Judge Dominique Pauthe agreed to forward the case to the court of appeal for the examination of a defence claim that some charges fell outside the statute of limitations.
Mr Chirac, the first president of the Fifth Republic to be prosecuted for corruption, is accused of misusing public funds during his time as mayor as Paris almost 20 years ago. He allegedly sought to further his own political career by creating phoney jobs and had been due in court on Wednesday.
Investigators had decided to combine the charges in two separate cases arising from his time as mayor of Paris between 1977 and 1995. One relates to 21 allegedly phoney jobs created for friends, croneys and political allies at the City Hall, and a second involves allegations that the Mayor’s office used municipal funds to pay for seven employees in the RPR party Mr Chirac founded to consolidate his power base ahead of a bid for the presidency.
Mr Chirac and nine others, including two former chiefs of staff from his time at City Hall, faced charges in the first case, which cites bogus jobs created between 1992 and 1995.
Lawyers for Rémy Chardon, who was head of Mr Chirac’s staff between 1993 and 1995, had argued that the trial was unconstitutional as the three-year statute of limitations had expired by the time the charges were placed.

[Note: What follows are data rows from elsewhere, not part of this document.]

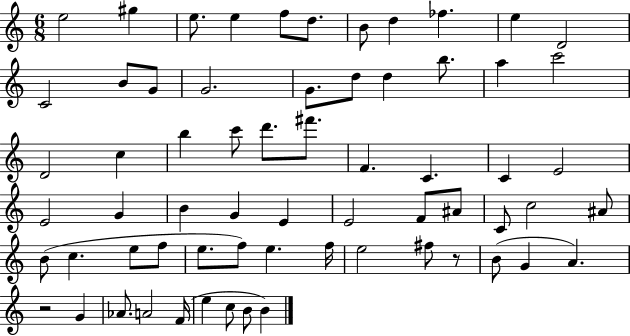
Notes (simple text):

E5/h G#5/q E5/e. E5/q F5/e D5/e. B4/e D5/q FES5/q. E5/q D4/h C4/h B4/e G4/e G4/h. G4/e. D5/e D5/q B5/e. A5/q C6/h D4/h C5/q B5/q C6/e D6/e. F#6/e. F4/q. C4/q. C4/q E4/h E4/h G4/q B4/q G4/q E4/q E4/h F4/e A#4/e C4/e C5/h A#4/e B4/e C5/q. E5/e F5/e E5/e. F5/e E5/q. F5/s E5/h F#5/e R/e B4/e G4/q A4/q. R/h G4/q Ab4/e. A4/h F4/s E5/q C5/e B4/e B4/q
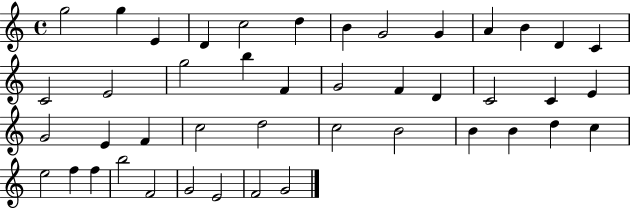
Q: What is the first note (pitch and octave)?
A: G5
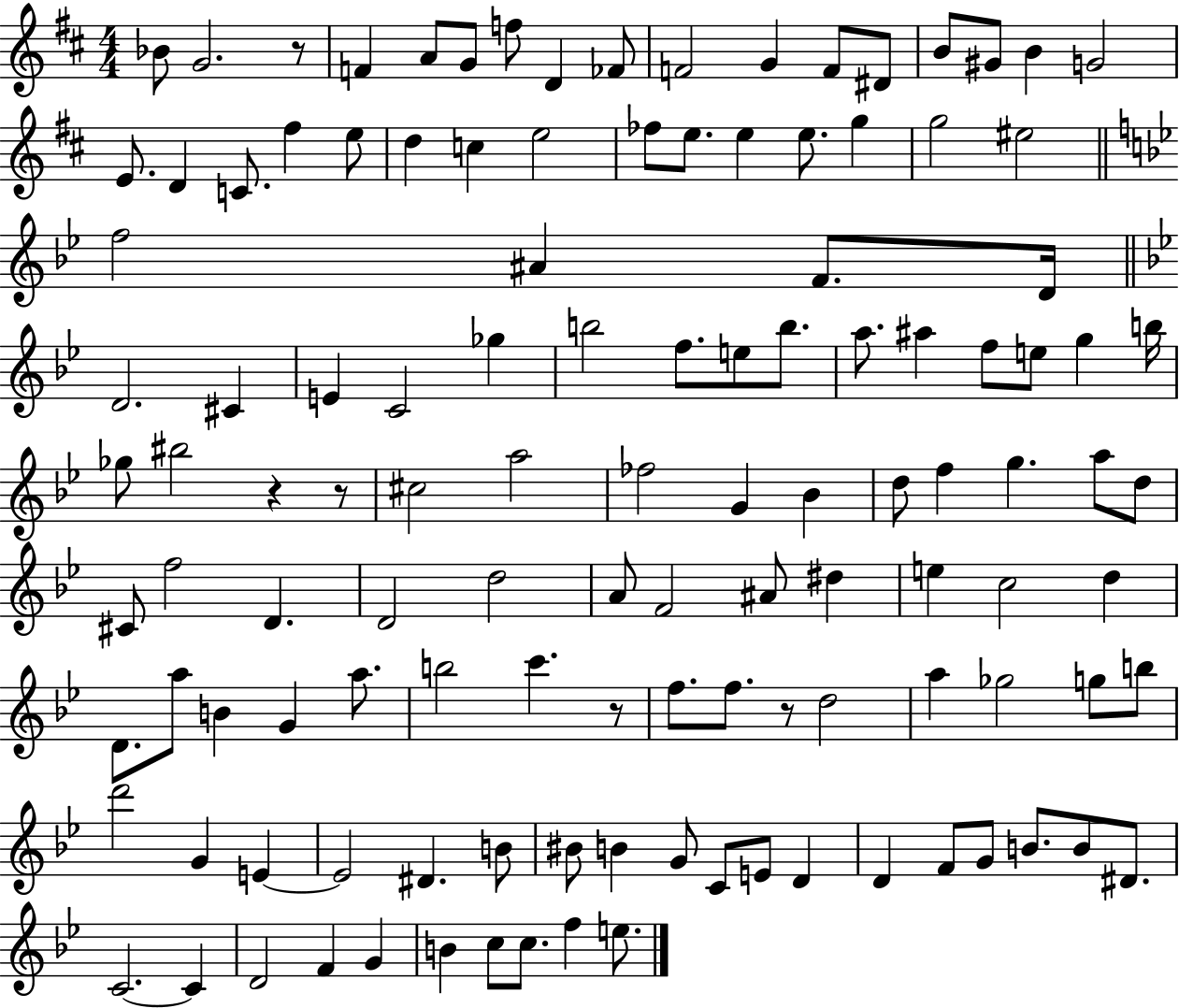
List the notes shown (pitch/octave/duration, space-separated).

Bb4/e G4/h. R/e F4/q A4/e G4/e F5/e D4/q FES4/e F4/h G4/q F4/e D#4/e B4/e G#4/e B4/q G4/h E4/e. D4/q C4/e. F#5/q E5/e D5/q C5/q E5/h FES5/e E5/e. E5/q E5/e. G5/q G5/h EIS5/h F5/h A#4/q F4/e. D4/s D4/h. C#4/q E4/q C4/h Gb5/q B5/h F5/e. E5/e B5/e. A5/e. A#5/q F5/e E5/e G5/q B5/s Gb5/e BIS5/h R/q R/e C#5/h A5/h FES5/h G4/q Bb4/q D5/e F5/q G5/q. A5/e D5/e C#4/e F5/h D4/q. D4/h D5/h A4/e F4/h A#4/e D#5/q E5/q C5/h D5/q D4/e. A5/e B4/q G4/q A5/e. B5/h C6/q. R/e F5/e. F5/e. R/e D5/h A5/q Gb5/h G5/e B5/e D6/h G4/q E4/q E4/h D#4/q. B4/e BIS4/e B4/q G4/e C4/e E4/e D4/q D4/q F4/e G4/e B4/e. B4/e D#4/e. C4/h. C4/q D4/h F4/q G4/q B4/q C5/e C5/e. F5/q E5/e.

The trial had only been made possible by linking the first case on 21 jobs to the second in seven, they argued.
Mr Chirac is the sole defendant in the second case, which judges said on Tuesday needed to be postponed until “around June 20” to allow both to be judged together.
The 78-year-old former president, who had planned to make a statement to the court on Wednesday, said he “had taken note” of the decision and that he planned to be present at the June hearing.

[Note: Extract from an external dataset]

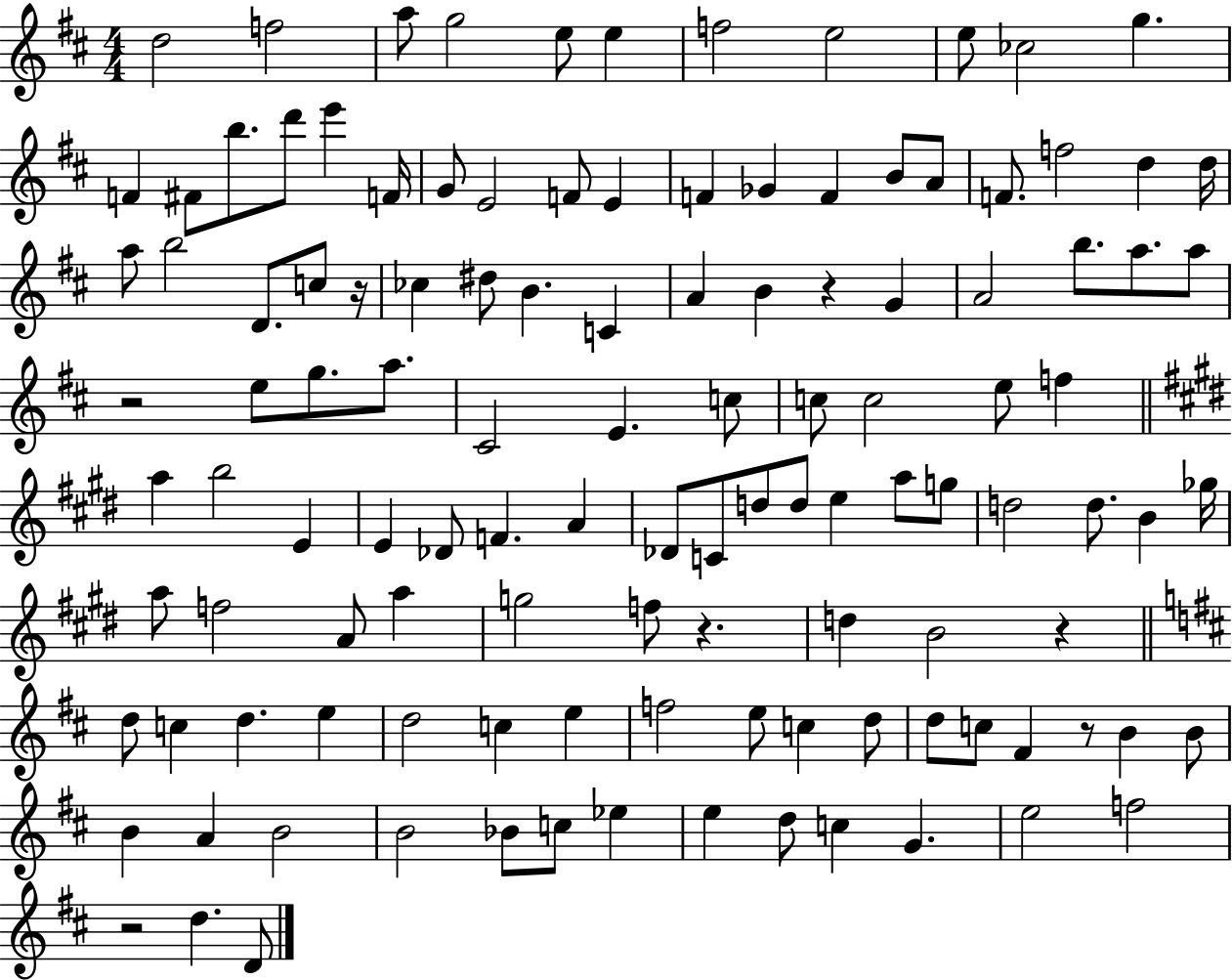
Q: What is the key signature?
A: D major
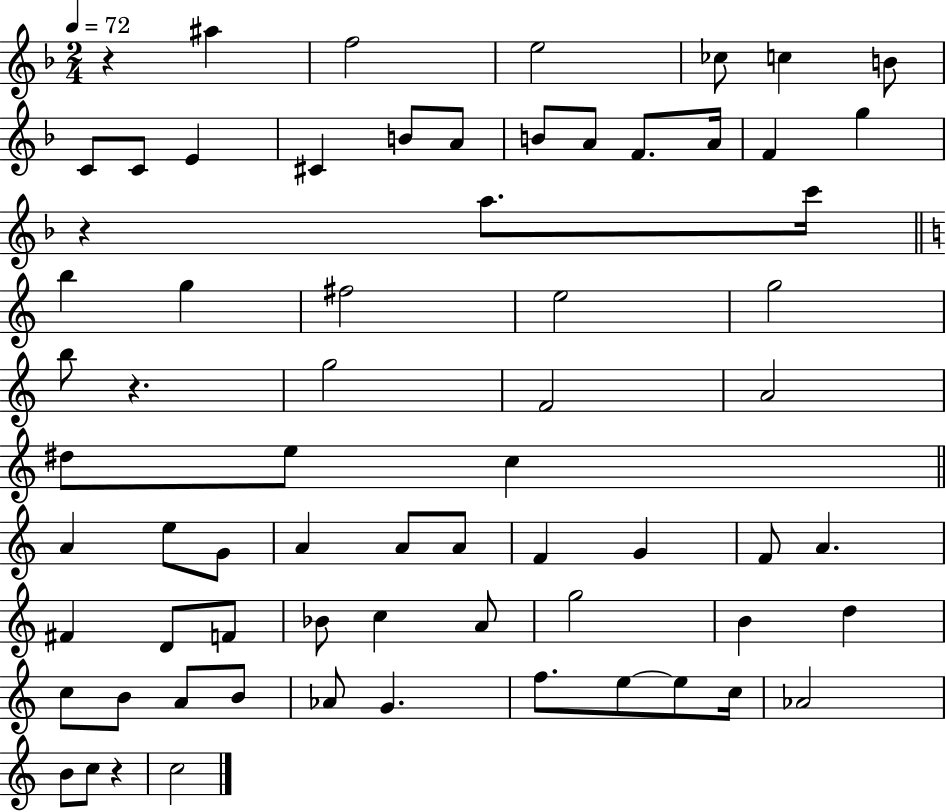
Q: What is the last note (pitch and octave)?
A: C5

The appeals court has three months to examine whether the first case needs to be referred to the Constitutional Council. If this happens both trials could be delayed for up to six months.
Should the council decide that the first case is unconstitutional, this will arguably not affect the charges relating to the seven RPR jobs and Mr Chirac could still come to court in the autumn.
But many observers expect Mr Chirac’s lawyers to find legal reasons to further delay the case. Jean Veil, one of a team of five lawyers, warned against the risk that Mr Chirac’s trial could conflict with the campaign for next year’s presidential election, implying that it could be used for political purposes.
Alain Juppé, France’s new foreign minister and once Mr Chirac’s loyal ally as the former secretary general of the RPR, was condemned in 2004 to a suspended 14-month sentence and banned from politcs for a year in the same case. Mr Chirac benefited from presidential immunity at the time.
Neither Mr Chirac nor his laywers “had played a role in lodging the appeal”, insisted Georges Kiejman, another lawyer for the defence. Mr Chirac has publically acknowledged responsibility for the 21 jobs, but denies they were fake. The main victim, the Paris City Hall, dropped its complaint last year after the former president and the ruling centre-right UMP party struck a deal to repay €2.2m ($3m) to the mayor’s office.
Jérôme Karsenti, lawyer for the anti-corruption lobby group Anticor, said the decision to refer the trial was “a denial of justice”. “We should not be surprised that Marine Le Pen, (leader of the far right National Front) is at 23 per cent in the polls,” he said.
If convicted Mr Chirac could face a 10-year ban on holding office, up to 10 years in prison, a five-year bar on voting and a €150,000 fine.